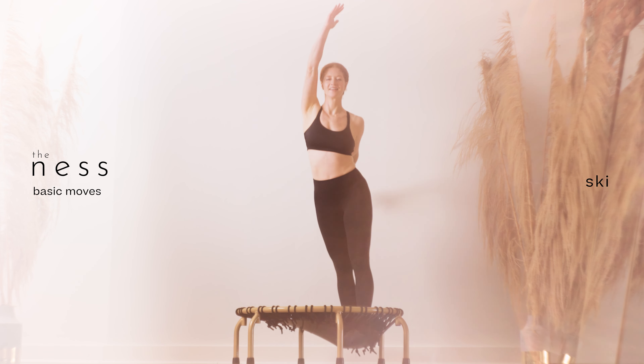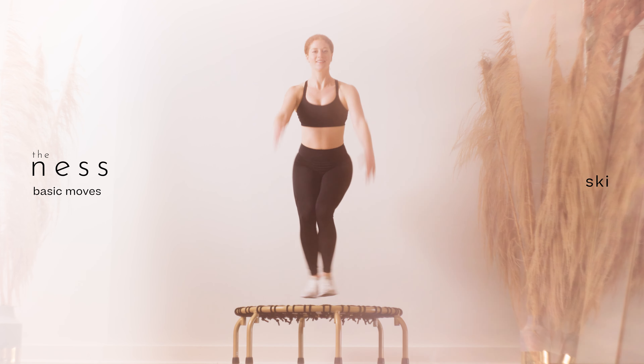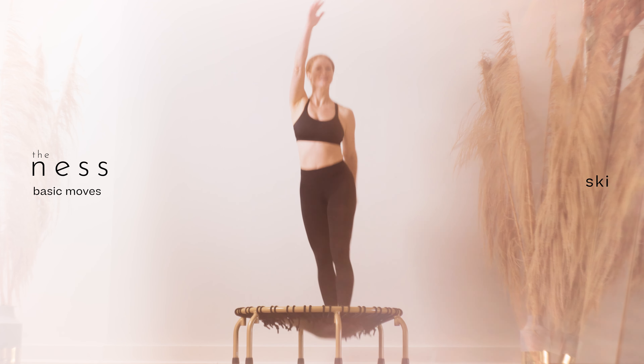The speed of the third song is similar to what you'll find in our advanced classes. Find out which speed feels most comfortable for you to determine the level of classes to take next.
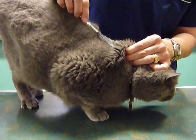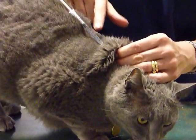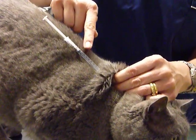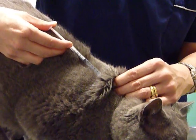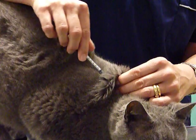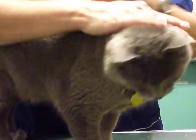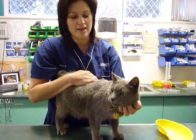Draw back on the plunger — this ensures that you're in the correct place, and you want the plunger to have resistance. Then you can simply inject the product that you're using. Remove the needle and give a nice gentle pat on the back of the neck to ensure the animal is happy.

·····

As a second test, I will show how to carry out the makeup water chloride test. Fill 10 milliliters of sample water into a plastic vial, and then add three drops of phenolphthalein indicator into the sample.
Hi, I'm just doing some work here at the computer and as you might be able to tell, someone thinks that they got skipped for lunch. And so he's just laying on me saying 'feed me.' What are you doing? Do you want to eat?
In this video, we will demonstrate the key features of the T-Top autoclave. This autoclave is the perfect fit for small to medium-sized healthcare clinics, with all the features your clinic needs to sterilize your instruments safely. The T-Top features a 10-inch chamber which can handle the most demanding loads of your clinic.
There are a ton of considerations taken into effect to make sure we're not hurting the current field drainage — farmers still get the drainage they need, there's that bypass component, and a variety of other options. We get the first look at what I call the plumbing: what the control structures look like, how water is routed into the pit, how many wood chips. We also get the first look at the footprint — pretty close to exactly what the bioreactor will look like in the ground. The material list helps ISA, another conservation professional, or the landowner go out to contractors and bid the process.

·····

### Aim of the task
Beginning at the line above that contains "Hi, I'm just", return each line exactly through the line that contains "There are a", and no others.

### Answer to this exercise
Hi, I'm just doing some work here at the computer and as you might be able to tell, someone thinks that they got skipped for lunch. And so he's just laying on me saying 'feed me.' What are you doing? Do you want to eat?
In this video, we will demonstrate the key features of the T-Top autoclave. This autoclave is the perfect fit for small to medium-sized healthcare clinics, with all the features your clinic needs to sterilize your instruments safely. The T-Top features a 10-inch chamber which can handle the most demanding loads of your clinic.
There are a ton of considerations taken into effect to make sure we're not hurting the current field drainage — farmers still get the drainage they need, there's that bypass component, and a variety of other options. We get the first look at what I call the plumbing: what the control structures look like, how water is routed into the pit, how many wood chips. We also get the first look at the footprint — pretty close to exactly what the bioreactor will look like in the ground. The material list helps ISA, another conservation professional, or the landowner go out to contractors and bid the process.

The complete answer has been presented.